4. Literaturverzeichnis: Hier werden alle verwendeten Quellen, gegliedert in Bücher, Fachartikel und Internetquellen, vollständig aufgeführt.
Schlüsselwörter
Mobbing, Essstörung, Adoleszenz, Bulimie, Anorexia nervosa, Cyber-Mobbing, Peer-Viktimisierung, Gewichtsreduktion, Bully, Opfer, Bully-Opfer, psychische Gesundheit, Jugendalter, Prävention, psychologische Funktionsweise.
Häufig gestellte Fragen
Worum geht es in dieser Arbeit grundsätzlich?
Die Arbeit untersucht den Zusammenhang zwischen der Beteiligung an Mobbing-Prozessen (als Opfer oder Täter) und der Entwicklung von Essstörungen bei Jugendlichen.
Was sind die zentralen Themenfelder?
Die zentralen Felder sind die psychologische Auswirkung von Mobbing, die klinische Symptomatik von Anorexie und Bulimie sowie die Rolle des sozialen Umfelds im Jugendalter.
Was ist das primäre Ziel oder die Forschungsfrage?
Das primäre Ziel ist die Beantwortung der Frage, ob eine Beteiligung am Mobbing als direkter Auslöser für die Entstehung von Essstörungen in der Adoleszenz gewertet werden kann.
Welche wissenschaftliche Methode wird verwendet?
Es handelt sich um eine systematische Literaturanalyse, bei der drei wissenschaftlich relevante Fachartikel mithilfe der Datenbank PubMed recherchiert, selektiert und synthetisiert wurden.
Was wird im Hauptteil behandelt?
Der Hauptteil gliedert sich in eine theoretische Begriffsbestimmung, die Darstellung der methodischen Literaturrecherche und eine detaillierte inhaltliche Zusammenfassung sowie Synthese der ausgewählten Studien.

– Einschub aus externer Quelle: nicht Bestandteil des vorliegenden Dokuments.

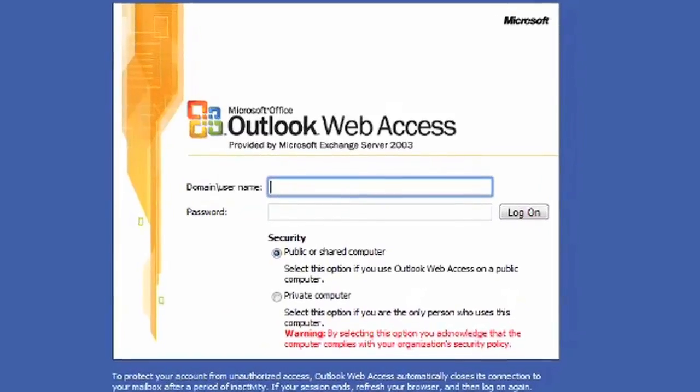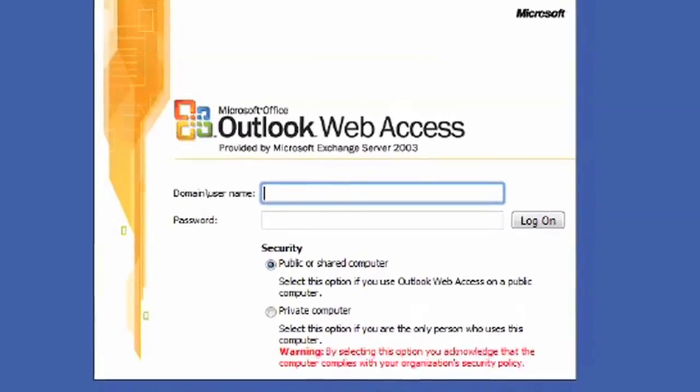Hi, my name is Bridget McGrath from MyAIOffice.com and today we're going to discuss how to access Microsoft Outlook from the web.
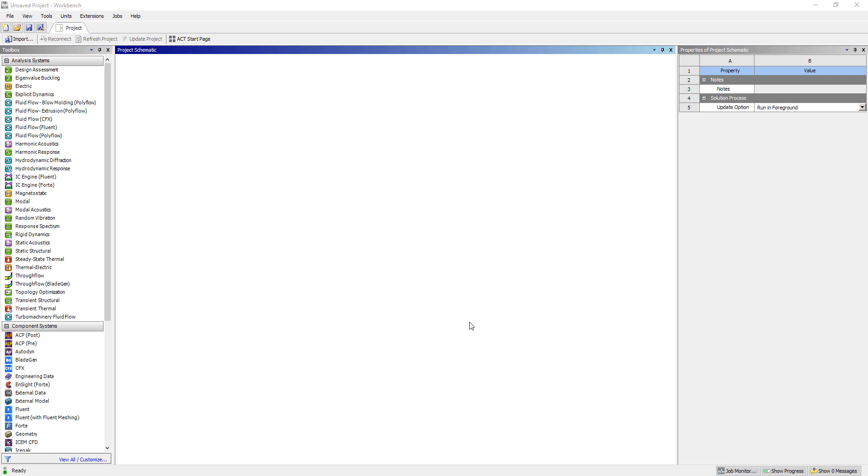Hello and welcome to a Simutech Tips and Tricks. Today I'm going to show you how to model a beam model or a truss system using SpaceClaim and ANSYS Mechanical.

Welche Schlüsselwörter charakterisieren die Arbeit?
Die Arbeit wird maßgeblich durch Begriffe wie Mobbing, Essstörung, Adoleszenz, Gewichtsreduktion, Bully-Opfer-Dynamik und psychische Funktionsweisen charakterisiert.
Gibt es geschlechtsspezifische Unterschiede bei der Entwicklung von Essstörungen durch Mobbing?
Die Analyse zeigt, dass nach Abwägung der Studienergebnisse das Geschlecht nicht als entscheidender Faktor für die durch Mobbing ausgelöste Entwicklung einer Essstörung gewertet werden kann, obwohl einzelne Studien bei Mädchen eine Häufung feststellen.
Welche Rolle spielt die Unterscheidung zwischen Bully, Opfer und Bully-Opfer?
Die Unterscheidung ist entscheidend, da die Studien belegen, dass nicht nur Opfer, sondern auch Bullys und insbesondere Bully-Opfer ein erhöhtes Risiko für die Entwicklung von Symptomen einer Essstörung aufweisen.
Gibt es einen nachweisbaren Langzeiteffekt von Mobbing in der Kindheit auf Essstörungen im Erwachsenenalter?
Nein, die untersuchten Studien konnten keinen signifikanten Langzeiteffekt feststellen, der eine überdurchschnittliche Gefährdung für das junge Erwachsenenalter belegen würde.
Welche Empfehlungen gibt die Autorin für die Praxis?
Es wird empfohlen, die Mobbing-Prävention an Schulen zu stärken und Lehrkräfte sowie Therapeuten zu sensibilisieren, damit Anzeichen einer Mobbing-Beteiligung früher erkannt und präventiv behandelt werden können.